== WHAT THIS TASK INVOLVES ==
Please give the whole listing again exactly, without any of its pictures.

== EXERCISE DATA ==
•••

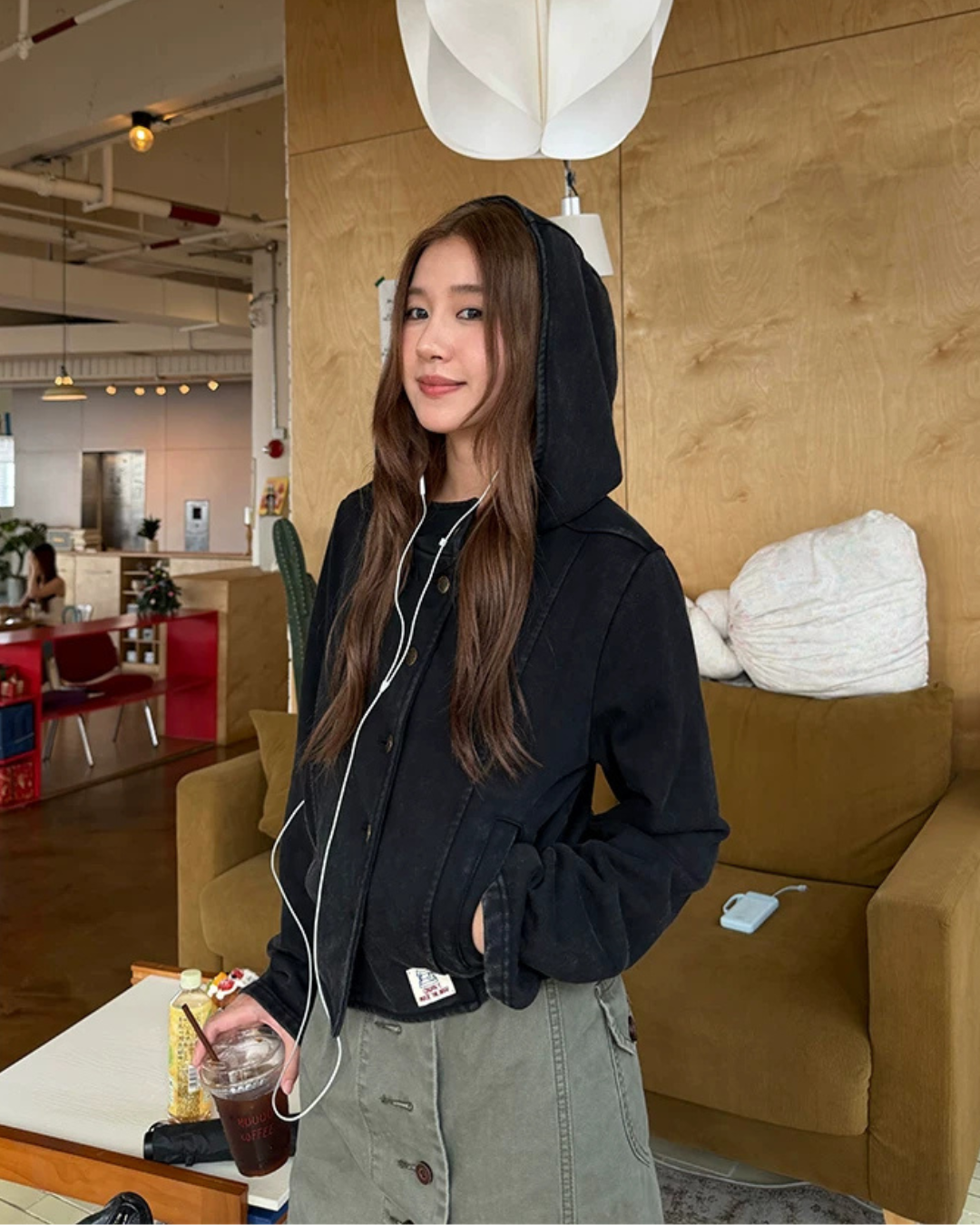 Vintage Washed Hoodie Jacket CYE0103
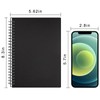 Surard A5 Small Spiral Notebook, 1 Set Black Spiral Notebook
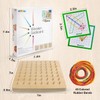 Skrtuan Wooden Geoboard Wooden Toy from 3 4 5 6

•••

== ANSWER SPACE ==
 Vintage Washed Hoodie Jacket CYE0103
 Surard A5 Small Spiral Notebook, 1 Set Black Spiral Notebook
 Skrtuan Wooden Geoboard Wooden Toy from 3 4 5 6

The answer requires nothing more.